One of the extreme annoyances that used to bother me hugely was when one or more of the “more equal” countries would drive their influence and impact on document content, knowing full well that the resultant product would never see the light of day in their own country. This seemed to me to be a certain power imbalance and injustice. But I have since come to realize that in the international arena, countries get what they want and work for, and that imbalance and injustice are consequences that lesser countries can accept or tolerate, or not. It is truly up to them. There is a reality that if there is profit to be made by sitting at the table, and exerting influence, then one is foolish to ignore the opportunity.

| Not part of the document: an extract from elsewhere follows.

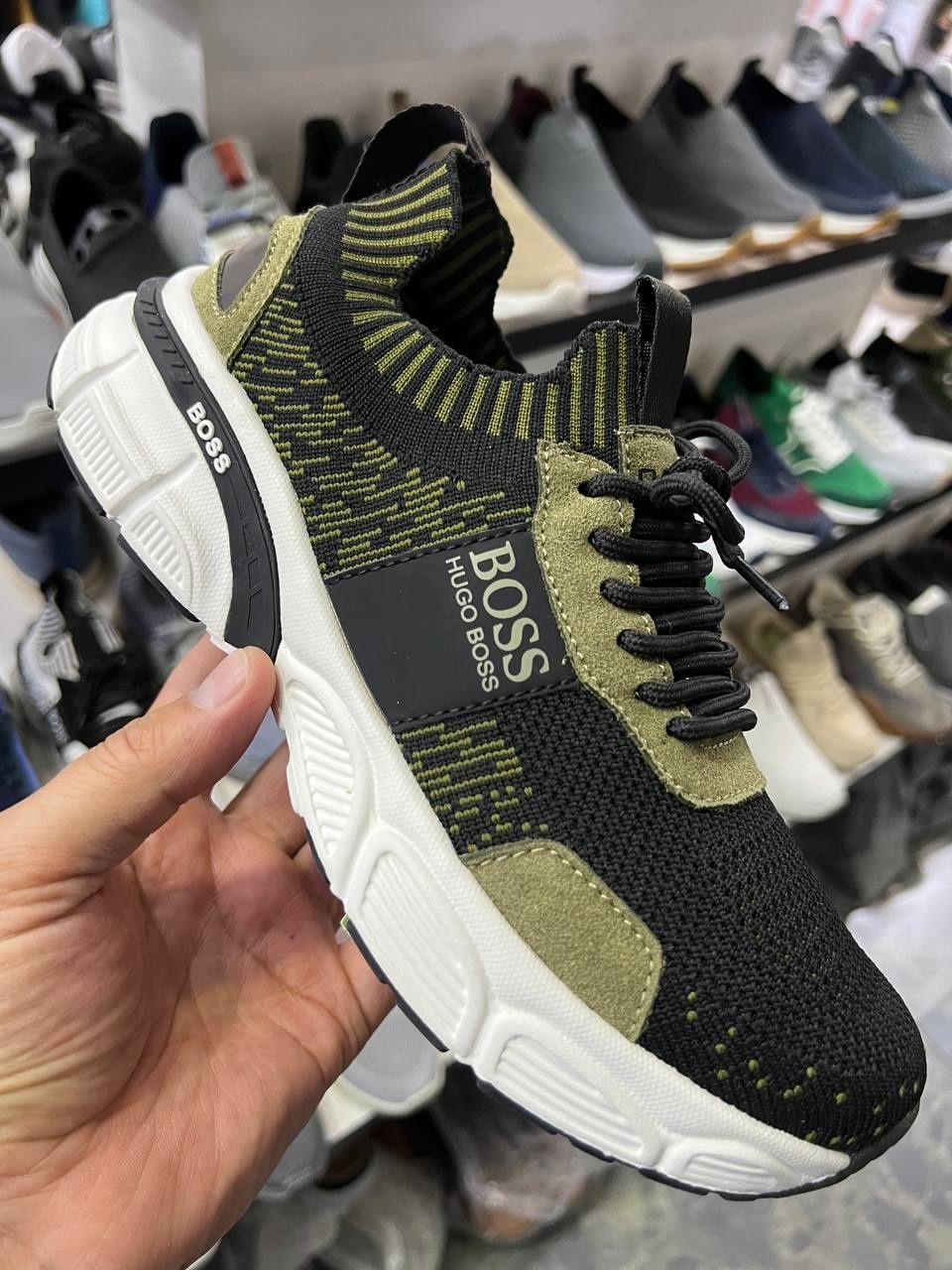 BOSS krasovka skidkada 90.000 soʻm razmeri 40 dan 44 gacha BAYYAN inst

On a similar theme, there is an illusion that countries that provide documents to ISO as seeds for future standards gain in stature. It is in fact false ego. The reality is fraught more with risk than with benefit. A group of local thinkers can collaborate and develop a guiding principle that will work very well in their own region or country. They know their setting, they know local practices, and they can provide guidance that is (as they say) strongly fit for purpose.
But when that document gets put in the hands of a broader community, it can get changed, not necessarily for the better. Indeed sometimes nonsense can get introduced. And so when the final document is generated, the originators can find themselves with a dilemma; stick with what works, or adopt the broader document, even with the nonsense incorporated.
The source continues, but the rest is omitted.